Obra agrupa poemas em ordem temática

Antologia recupera e favorece primeiras obras de Bandeira

MARCELO PEN
CRÍTICO DA FOLHA

Esgotada há quase 20 anos, a antologia poética de Manuel Bandeira (1886-1968), "Testamento de Pasárgada", é relançada agora em edição conjunta com a Academia Brasileira de Letras. A organização do volume foi um dos primeiros trabalhos do poeta e ensaísta Ivan Junqueira, que também traduziu T.S. Eliot, Baudelaire e Dylan Thomas.
A obra não deixa de ser, assim, a leitura e o recorte que um poeta faz de outro. Ao contrário de uma antologia comum, ou de um volume de obras reunidas, o aspecto cronológico é mantido em segundo plano. Junqueira seleciona as poesias de Bandeira, agrupando-as em seções temáticas.
Dentre os segmentos, há o que reúne as melhores produções do poeta, o dedicado às influências e o que agrupa seus poemas mais melancólicos. No início de cada um, Junqueira apõe epígrafes (extraídas de Bandeira) e escreve um curto ensaio. Esse formato convida-nos a ler a obra bandeiriana menos numa sequência temporal e evolutiva e mais num entrelaçamento de temas e motivos que circulam pela obra como um todo.
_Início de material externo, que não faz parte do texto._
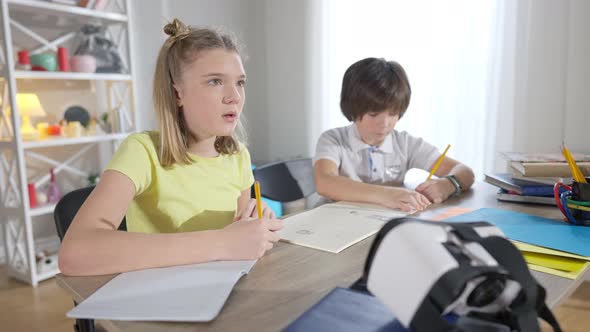 Portrait of Focused Genius Girl Thinking and Writing in Workbook with Blurred Boy Drawing alt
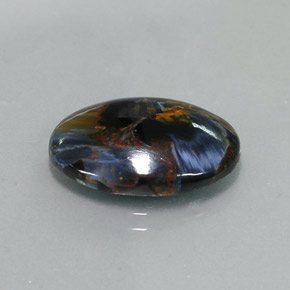 Pietersita multicolor natural de 7,40 ct, corte óvalo, opaco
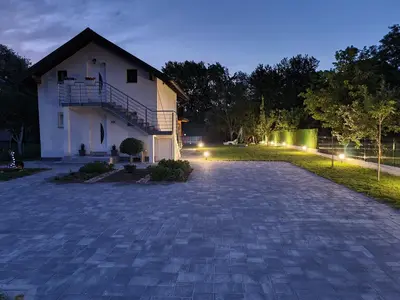 a driveway leading to a house at night at Orhidea in Bihać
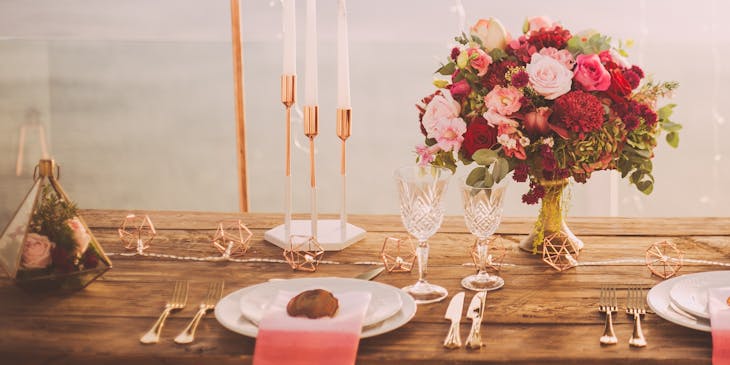 Una mesa de banquete decorada con flores y vajilla blanca con dorado en un negocio de planificación de bodas.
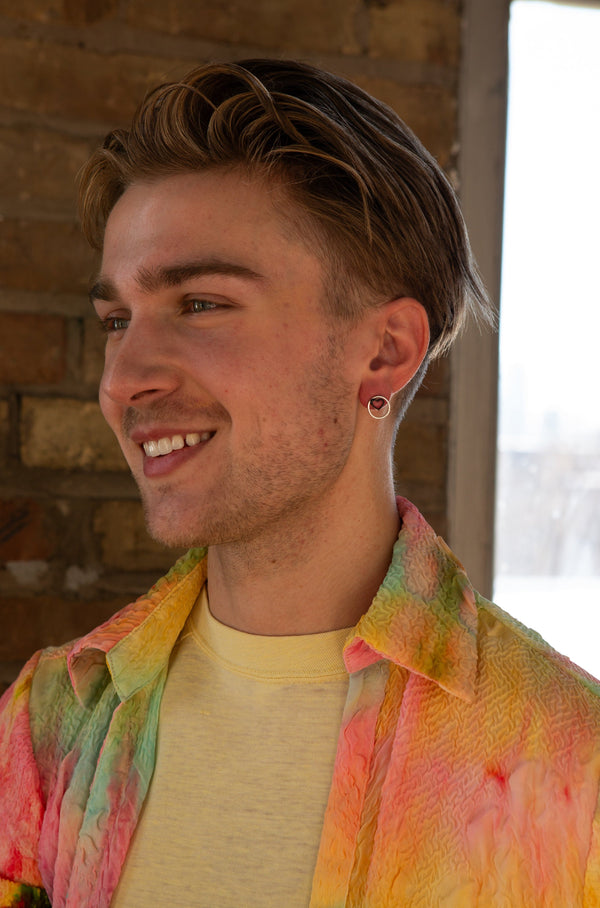 Close-up of Heart Within stud earrings showing enamel finish and silver plating, nickel-free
Assim, na seção "Lirismo Triste", podemos cotejar versos do início da carreira, como "À Sombra das Araucárias", com outros de sua maturidade, como "Poema do Mais Triste Maio".
Com isso, a antologia favorece a retomada das primeiras obras de Bandeira, consideradas menores por boa parte da crítica. De fato, é lugar-comum dizer que o poeta só começou a firmar-se a partir de "O Ritmo Dissoluto" e, mais ainda, com "Libertinagem" e "Estrela da Manhã". Junqueira defende a importância dos poemas anteriores, não só salpicando-os em cada seção (e até mesmo elegendo um deles como uma das obras-primas), mas também os justificando abertamente em vários dos ensaios introdutórios.
Com a sensibilidade adquirida no mister comum, Junqueira mostra como Bandeira desde o início foi um poeta culto, sensível aos recursos cedidos pela tradição. São esclarecedores seus comentários sobre "Chama e Fumo", em que Bandeira recorre ao formato da vilanela (cujas origens datam do século 16), e "Solau do Desamado", que bebe no quinhentismo português (os dois poemas são da obra de estréia, "A Cinza das Horas").
O perigo está em valorizar a obra inicial apenas pela conjuntura de que Bandeira já dominava, na época, a tradição lírica. A impressão que temos é que o poeta só encetou os versos livres quando percebeu ter esgotado os recursos poéticos tradicionais, ou seja, sem ter sido de fato atraído às imensas possibilidades oferecidas pela nova forma -o que não deixa de ser um ponto de vista evolutivo (conquanto com os sinais trocados) que Junqueira em princípio parecia evitar.
Peguemos um poema como "Rondó da Colombina" (de 1913), que Junqueira aninha no setor "Consciência Poética", explicando ser uma retomada do modelo de "rondeau" proposto por Voiture no século 17. Embora correto em sua composição, o poema nem de longe atinge o grau de sofisticação, ironia e até mesmo de excelência formal de "Rondó dos Cavalinhos", escrito mais de 20 anos depois.
É necessário restaurar o sentido da produção inicial do poeta diante de sua obra madura, mas a via sugerida por Junqueira não parece ser a mais sensata. Ela falha quando promove uma visão não problematizada dos primeiros livros ou quando deixa de fora setores da crítica mais atual, que já haviam avançado a discussão mesmo na data da primeira edição de "Testamento...". Como amostra da poesia de Bandeira, a obra merece as estrelas da vida inteira; como antologia, porém, revela-se questionável.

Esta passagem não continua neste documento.